* [RECORDED INFORMATION]
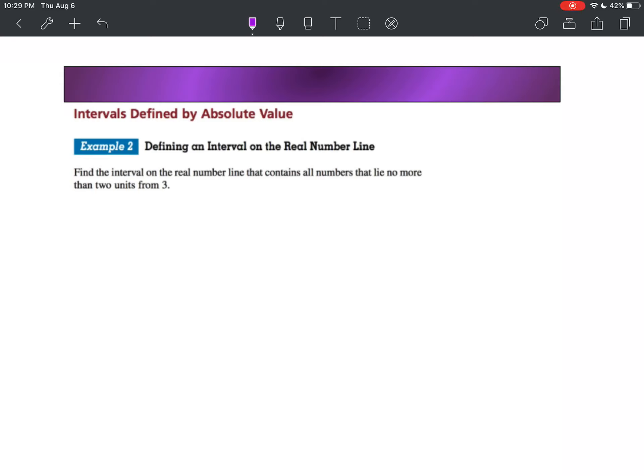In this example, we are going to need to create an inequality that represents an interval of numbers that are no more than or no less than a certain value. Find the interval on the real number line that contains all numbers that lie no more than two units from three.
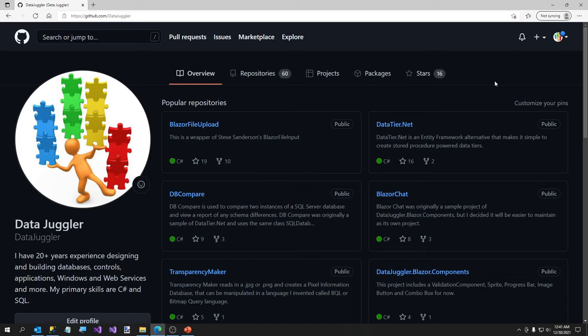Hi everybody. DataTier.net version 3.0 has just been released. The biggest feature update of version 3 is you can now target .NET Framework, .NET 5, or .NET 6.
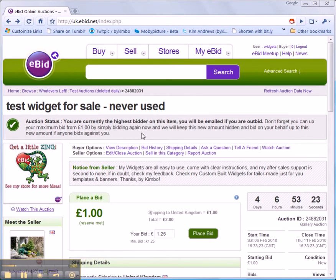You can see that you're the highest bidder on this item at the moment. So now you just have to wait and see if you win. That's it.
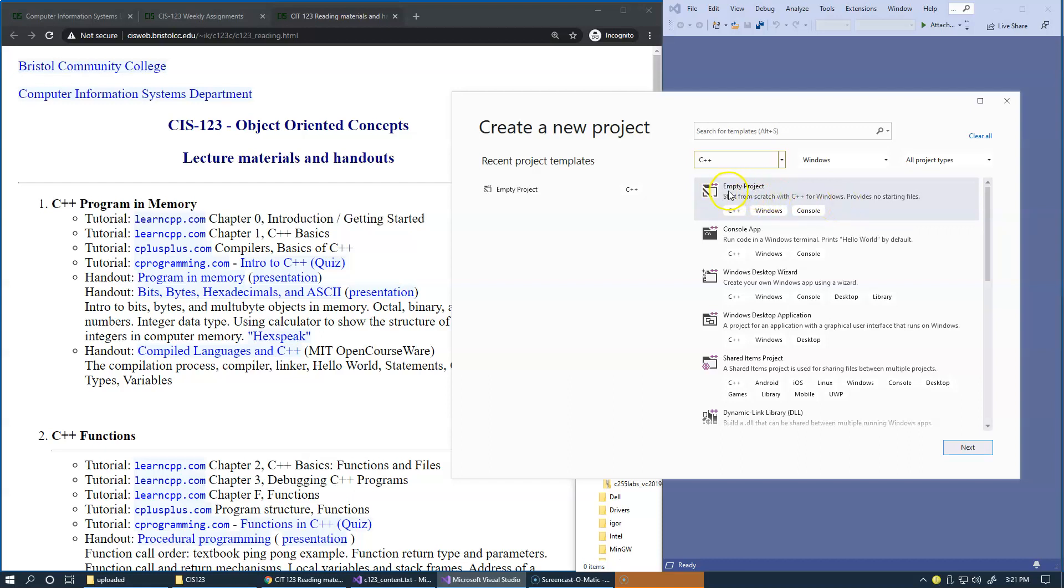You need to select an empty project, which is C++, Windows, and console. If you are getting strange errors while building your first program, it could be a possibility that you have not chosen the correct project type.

* [WHAT NEEDS TO BE DONE]
Leave the pictures out and copy the rest of the data exactly.

* [SOLUTION TO THIS TASK]
In this example, we are going to need to create an inequality that represents an interval of numbers that are no more than or no less than a certain value. Find the interval on the real number line that contains all numbers that lie no more than two units from three.
Hi everybody. DataTier.net version 3.0 has just been released. The biggest feature update of version 3 is you can now target .NET Framework, .NET 5, or .NET 6.
You can see that you're the highest bidder on this item at the moment. So now you just have to wait and see if you win. That's it.
You need to select an empty project, which is C++, Windows, and console. If you are getting strange errors while building your first program, it could be a possibility that you have not chosen the correct project type.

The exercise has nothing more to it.